Jean Charles de Menezes was a Brazilian electrician that while travelling to work, was shot and killed by officers of the London Metropolitan Police Service at Stockwell station. This was due to the police failing to identify Menezes correctly, believing him to be involved with undetonated bombs that had been found the previous day.

The applicant was Ms Da Silva, the cousin of Jean Charles de Menezes. The case was brought to the European Court of Human Rights since none of the police officers involved in the shooting were prosecuted. To this day, no officers involved in shooting have been prosecuted.

== Judgement and Reasoning ==
The majority ruling of the Court stated that the definition of self-defence in England and Wales was similar to the definition the Court recognised. The Court applied the McCann and Others test in whether the person had an honest and genuine belief that the use of force was necessary.^{para. 248}

The Court could not find across the signatories of the ECHR a suitable evidential burden in deciding whether to prosecute. Therefore, the Court ruled this as within the state's margin of appreciation. The Court followed the decision in Brecknell that states that prosecution is not required when there is no prospect for success.^{para. 271} They upheld previous case law in Gurtekin, which states that even though a crime is particularly serious that does not mean it requires prosecution.^{para. 266} The Court concluded that spending resources on a trial that is likely to fail and not lead to a conviction would undermine public confidence in the state.^{para. 95}

The Court concluded that "it cannot be said that the domestic authorities failed to consider, in a manner compatible with the requirements of Article 2 of the Convention, whether the use of force by Charlie 2 and Charlie 12 was justified in the circumstances."^{para 256} Considering the events at Stockwell happened in a "matter of seconds" and that there "was some independent evidence that supports the officers' accounts that they feared Jean Charles might detonate a bomb"^{para 254}

The Court concluded:

The decision not to prosecute any individual officer was not due to any failings in the investigation or the state's tolerance of or collusion in unlawful acts.
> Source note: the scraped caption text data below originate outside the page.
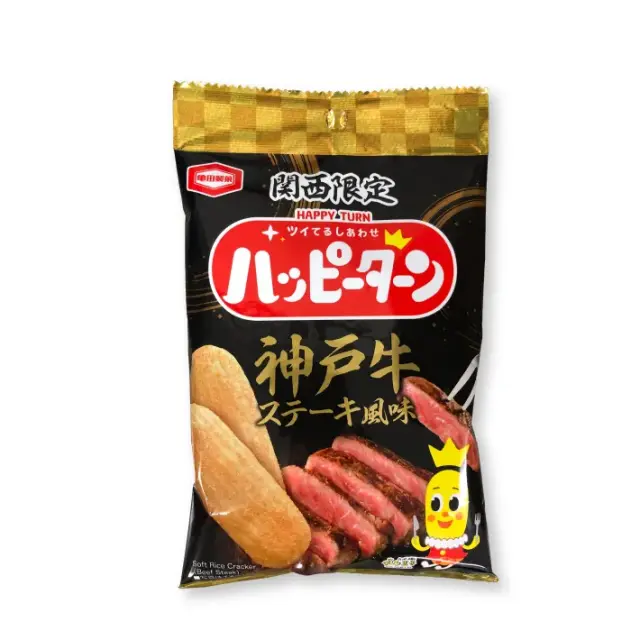 ハッピーターン 神戸牛ステーキ風味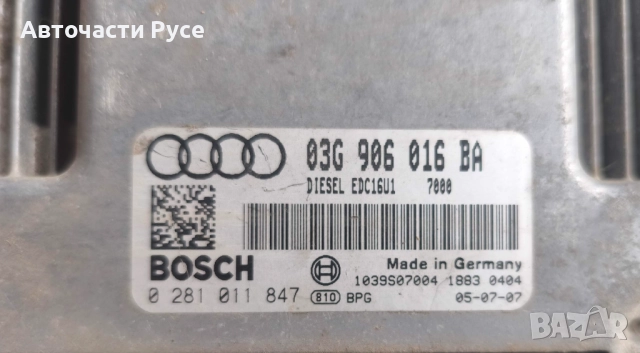 МОТОРЧЕ ЗА СТЪКЛО 8P0959801H AUDI A3 8P ПРЕДНО ЛЯВО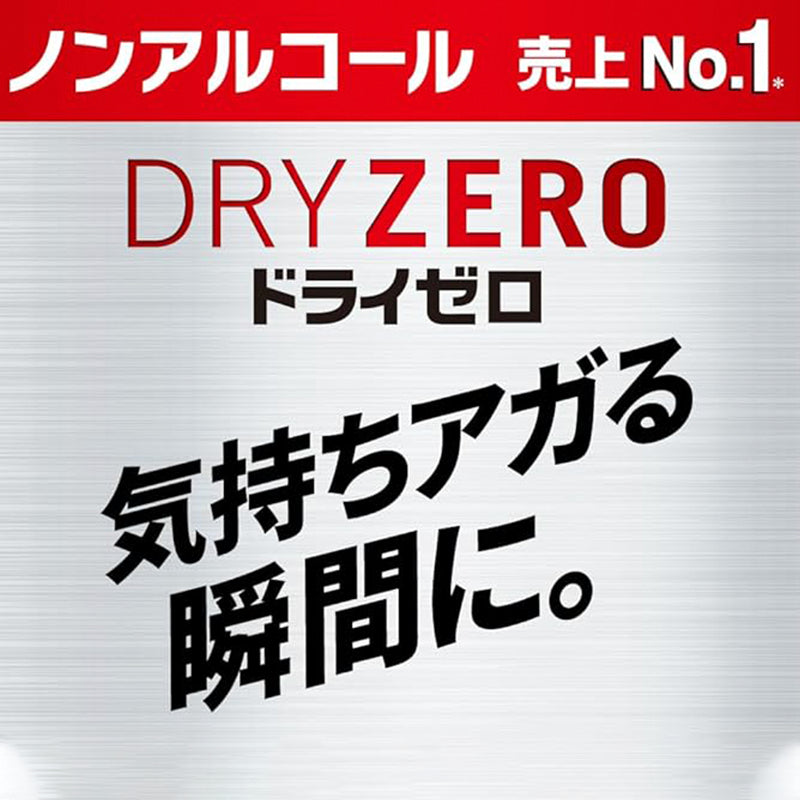 Asahi Dry Zero Non-Alcoholic Beer 350 ML 0% Can 6 CANS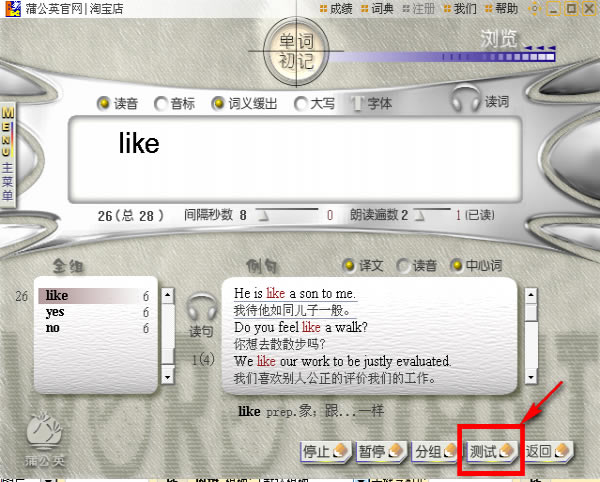 ���������ɱ������ر�����ء��������ɱ�������Ѱ� v7.1 �����ر��-��վ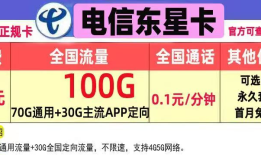 长期永久可用的流量卡套餐推荐 无需换卡29元、39元100G+首月免费用手机卡免费申请「长期永久可用的流量卡套餐推荐 无需换卡29元、39元100G+首月免费用」
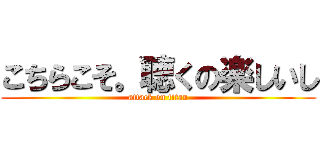 こちらこそ。聴くの楽しいし (attack on titan)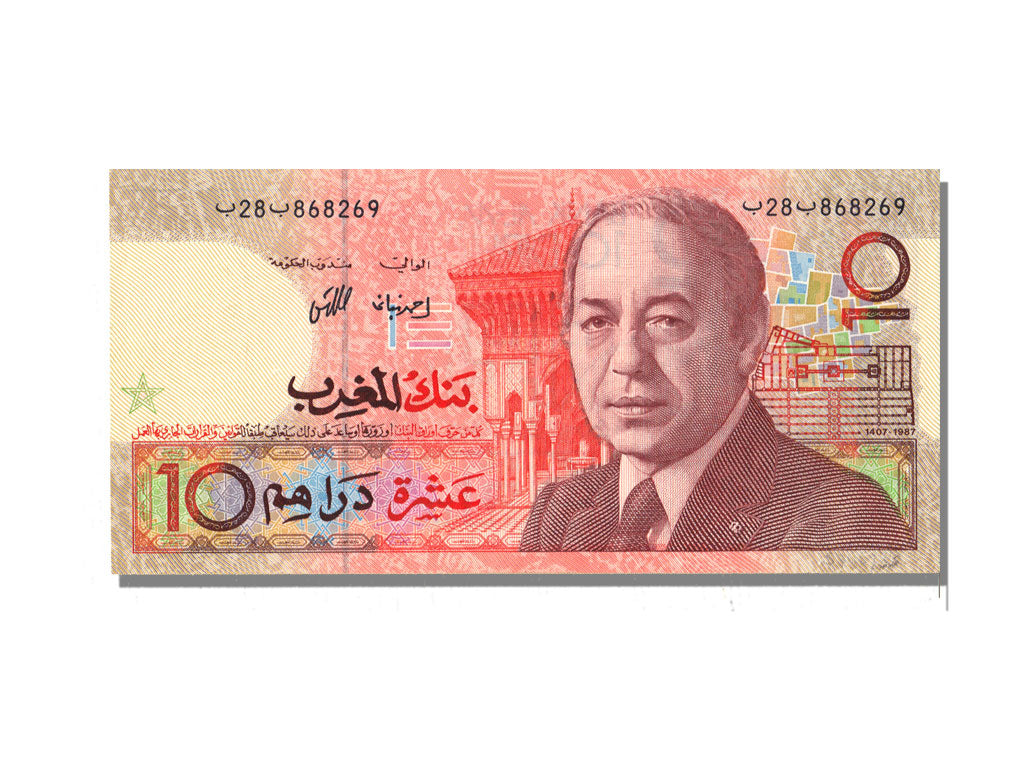 Morocco, 10 Dirhams, 1987, UNC(65-70)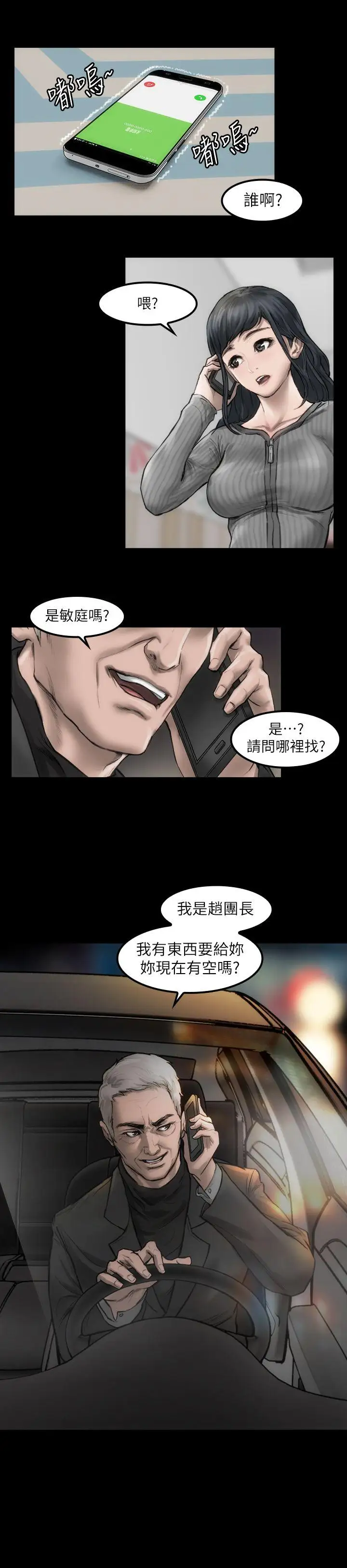 女演员第3话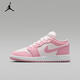 耐克（NIKE）AIR JORDAN 1 LOW (GS)籃球鞋 553560-614 38.5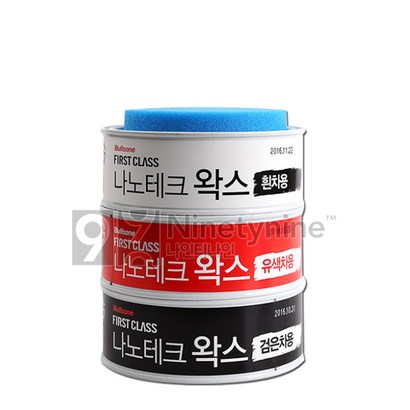 불스원 퍼스트클래스 나노테크 왁스 /광택/코팅 리뷰후기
Rather, it was due to the fact that, following a thorough investigation, a prosecutor had considered all the facts of the case and concluded that there was insufficient evidence against any individual officer to prosecute.^{para 284}

There were four judges who dissented from the majority in two separate opinions, Judges Karakas, Wojtyczek and Dedov focused on a different standard of self-defence, surrounding strict necessity and unavoidability.

The three dissenting judges considered the majority had erred by "putting the emphasis on the objective element". They argued that established case law rested on a subjective condition – an honest belief which subsequently turns out to be mistaken in addition to an objective element. They highlighted a worry that similar application in this case would result in "de facto immunity from prosecution"

Another judge, Judge Lopez Guerra, also dissented, focusing on the fact that no individual responsibility has been derived, even though institutionalised criminal responsibility was declared in the IPCC report.

== Criticism ==
This decision has been criticised. It has been argued that the Court "watered down the objective tenet of the McCann test" as the test originally required "an honest belief which is perceived for good reasons." Here, the Court stated that "existence of good reasons should be determined subjectively.^{para 245}" It also suggested that it never regarded "reasonableness as a separate requirement but rather as a relevant factor in determining whether a belief was honestly and genuinely held."^{para 246} This test has been argued as being inappropriate for determining the responsibility of the State and allow them to escape culpability.

The dissenting opinion has also been criticised in that the requirement of "absolute necessity" would often leave an impossible burden for the police to overcome. If police officers could only take action when absolutely certain, it would often be too late and other members of the public may be killed or injured.